Following the suggestion of @J.G. (see comment to the question) $$ ct\leq \sin t\leq t, \qquad \forall t\in[x,2x] $$ so that $$ c^mt^{m-n}=\frac{(ct)^m}{t^n}\leq\frac{(\sin t)^m}{t^n}\leq\frac{t^m}{t^n}=t^{m-n} $$ The integral becomes immediate: if $m-n\neq-1$ $$ c^m\left.\frac{t^{m-n+1}}{m-n+1}\right|_x^{2x}=\int_x^{2x} c^mt^{m-n}dt\leq\int_x^{2x}\frac{(\sin t)^m}{t^n}dt\leq\int_x^{2x} t^{m-n}dt=\left.\frac{t^{m-n+1}}{m-n+1}\right|_x^{2x} $$ and finally $$ c^m\frac{2^{m-n+1}-1}{m-n+1}x^{m-n+1}\leq\int_x^{2x}\frac{(\sin t)^m}{t^n}dt\leq\frac{2^{m-n+1}-1}{m-n+1}x^{m-n+1} $$ If $m-n>-1$ them $\lim_{x\to0} x^{m-n+1}=0$ and the integral is $0$.

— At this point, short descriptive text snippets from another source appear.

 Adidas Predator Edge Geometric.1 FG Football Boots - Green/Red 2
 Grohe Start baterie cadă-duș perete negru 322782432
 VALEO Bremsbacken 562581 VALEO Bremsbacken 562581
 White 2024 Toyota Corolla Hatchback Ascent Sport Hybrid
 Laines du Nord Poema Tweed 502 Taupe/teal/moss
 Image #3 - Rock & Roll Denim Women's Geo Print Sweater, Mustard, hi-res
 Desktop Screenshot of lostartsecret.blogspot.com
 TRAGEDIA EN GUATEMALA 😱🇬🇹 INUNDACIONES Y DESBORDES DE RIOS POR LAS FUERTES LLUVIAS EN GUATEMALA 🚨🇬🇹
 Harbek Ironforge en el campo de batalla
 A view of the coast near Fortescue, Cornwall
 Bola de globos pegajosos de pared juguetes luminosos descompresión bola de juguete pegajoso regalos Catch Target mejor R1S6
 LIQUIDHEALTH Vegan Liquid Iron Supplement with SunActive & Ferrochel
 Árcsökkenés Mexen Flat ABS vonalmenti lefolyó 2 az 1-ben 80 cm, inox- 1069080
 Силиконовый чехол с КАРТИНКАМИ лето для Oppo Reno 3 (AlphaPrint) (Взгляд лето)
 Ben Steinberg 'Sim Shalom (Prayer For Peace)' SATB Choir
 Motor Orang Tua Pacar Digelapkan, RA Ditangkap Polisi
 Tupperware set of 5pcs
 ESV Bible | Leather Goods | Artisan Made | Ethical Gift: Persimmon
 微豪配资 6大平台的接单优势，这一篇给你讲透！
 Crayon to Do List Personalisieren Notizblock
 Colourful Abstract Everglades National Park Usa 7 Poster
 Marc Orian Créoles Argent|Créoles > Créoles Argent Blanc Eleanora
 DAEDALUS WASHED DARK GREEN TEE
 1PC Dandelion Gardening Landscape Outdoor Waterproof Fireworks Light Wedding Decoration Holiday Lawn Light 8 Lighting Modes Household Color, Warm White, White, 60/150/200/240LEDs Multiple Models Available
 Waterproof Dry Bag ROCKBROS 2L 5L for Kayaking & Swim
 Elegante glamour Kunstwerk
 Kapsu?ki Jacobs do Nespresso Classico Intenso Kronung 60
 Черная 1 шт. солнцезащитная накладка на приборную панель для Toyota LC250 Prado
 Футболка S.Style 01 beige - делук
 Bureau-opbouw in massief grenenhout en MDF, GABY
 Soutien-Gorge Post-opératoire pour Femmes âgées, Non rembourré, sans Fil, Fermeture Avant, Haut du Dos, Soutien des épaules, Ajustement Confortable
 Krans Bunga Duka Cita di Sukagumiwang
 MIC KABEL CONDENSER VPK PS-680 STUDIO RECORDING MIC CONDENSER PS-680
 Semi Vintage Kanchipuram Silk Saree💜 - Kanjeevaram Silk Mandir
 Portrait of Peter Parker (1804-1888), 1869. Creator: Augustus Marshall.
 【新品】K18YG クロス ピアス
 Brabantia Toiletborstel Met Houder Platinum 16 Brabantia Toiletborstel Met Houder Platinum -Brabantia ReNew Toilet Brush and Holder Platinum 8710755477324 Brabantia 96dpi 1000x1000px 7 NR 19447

If $m-n<-1$ them $\lim_{x\to0^+} x^{m-n+1}=+\infty$ and the coefficient $$ \frac{2^{m-n+1}-1}{m-n+1} $$ is positive, and so the integrale is $+\infty.$
Finally, if $m-n=-1,$ then $$ c^m\frac{1}{t}\leq\frac{(\sin t)^m}{t^n}\leq\frac{1}{t} $$ and $$ c^m\ln 2=c^m\left.\ln t\right|_x^{2x}=\int_x^{2x}c^m\frac{1}{t}dt\leq\int_x^{2x}\frac{(\sin t)^m}{t^n}dt\leq\int_x^{2x}\frac{1}{t}dt=\left.\ln t\right|_x^{2x}=\ln 2 $$ and given that $c\to1$ when $x\to0^+$, the integral evaluate to $\ln 2$.